What is needed ::
The answer is the full listing below, copied exactly, with its pictures omitted.

Data ::
Segment Open

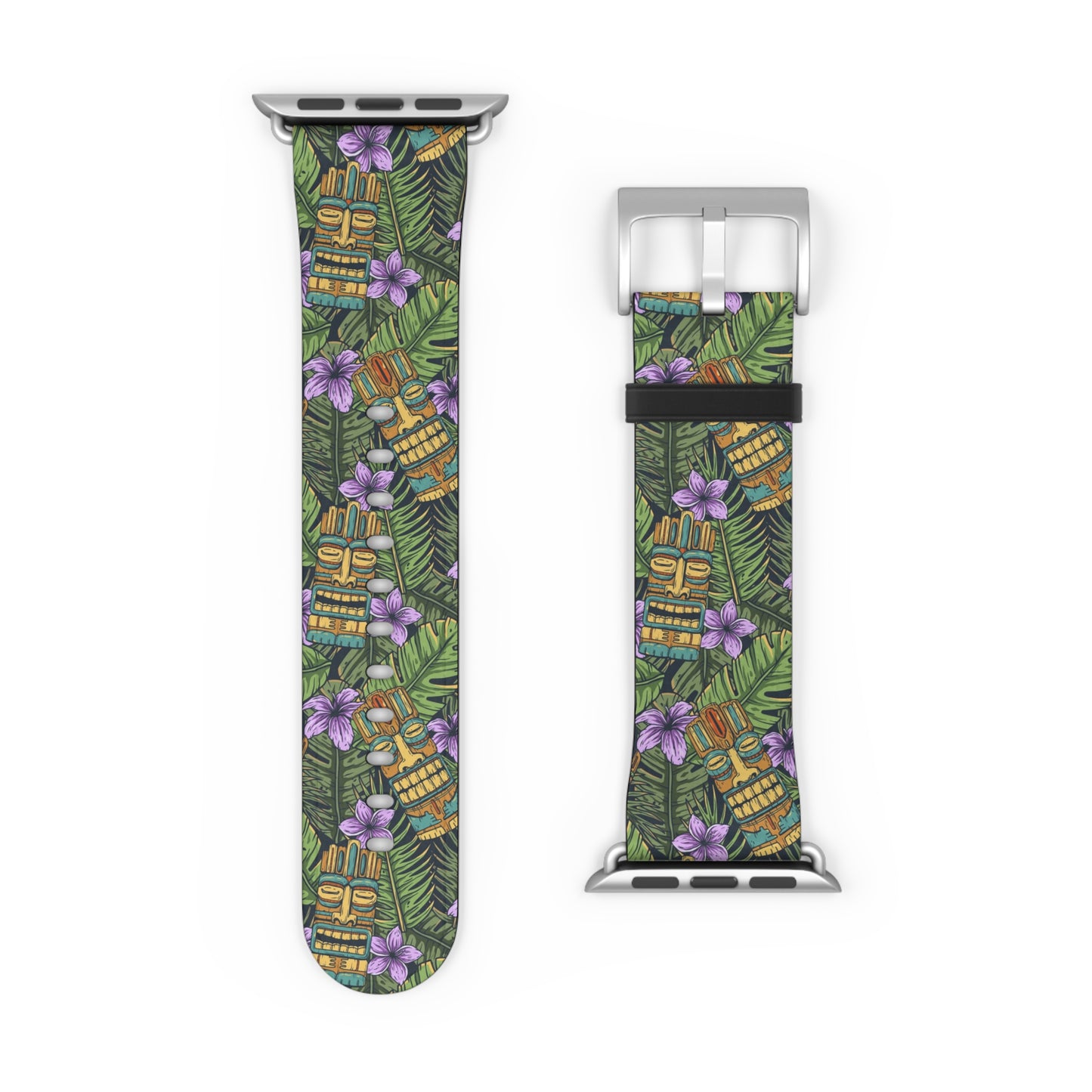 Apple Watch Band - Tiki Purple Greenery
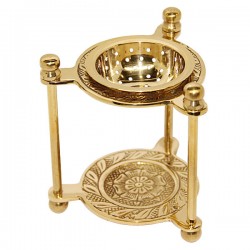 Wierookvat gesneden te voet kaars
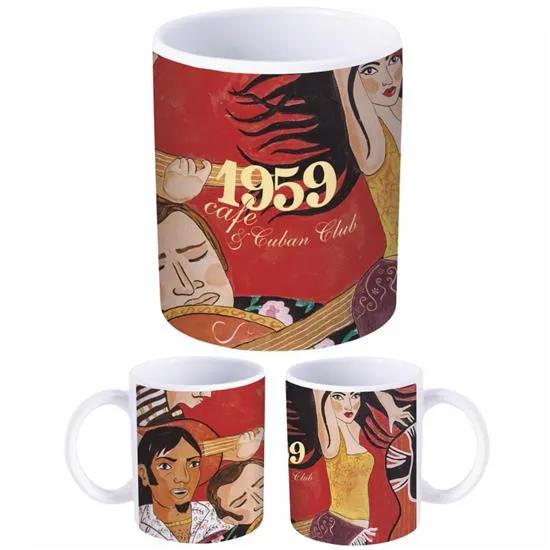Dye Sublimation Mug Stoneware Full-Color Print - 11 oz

Segment Closed

Problem solution ::
 Apple Watch Band - Tiki Purple Greenery
 Wierookvat gesneden te voet kaars
Dye Sublimation Mug Stoneware Full-Color Print - 11 oz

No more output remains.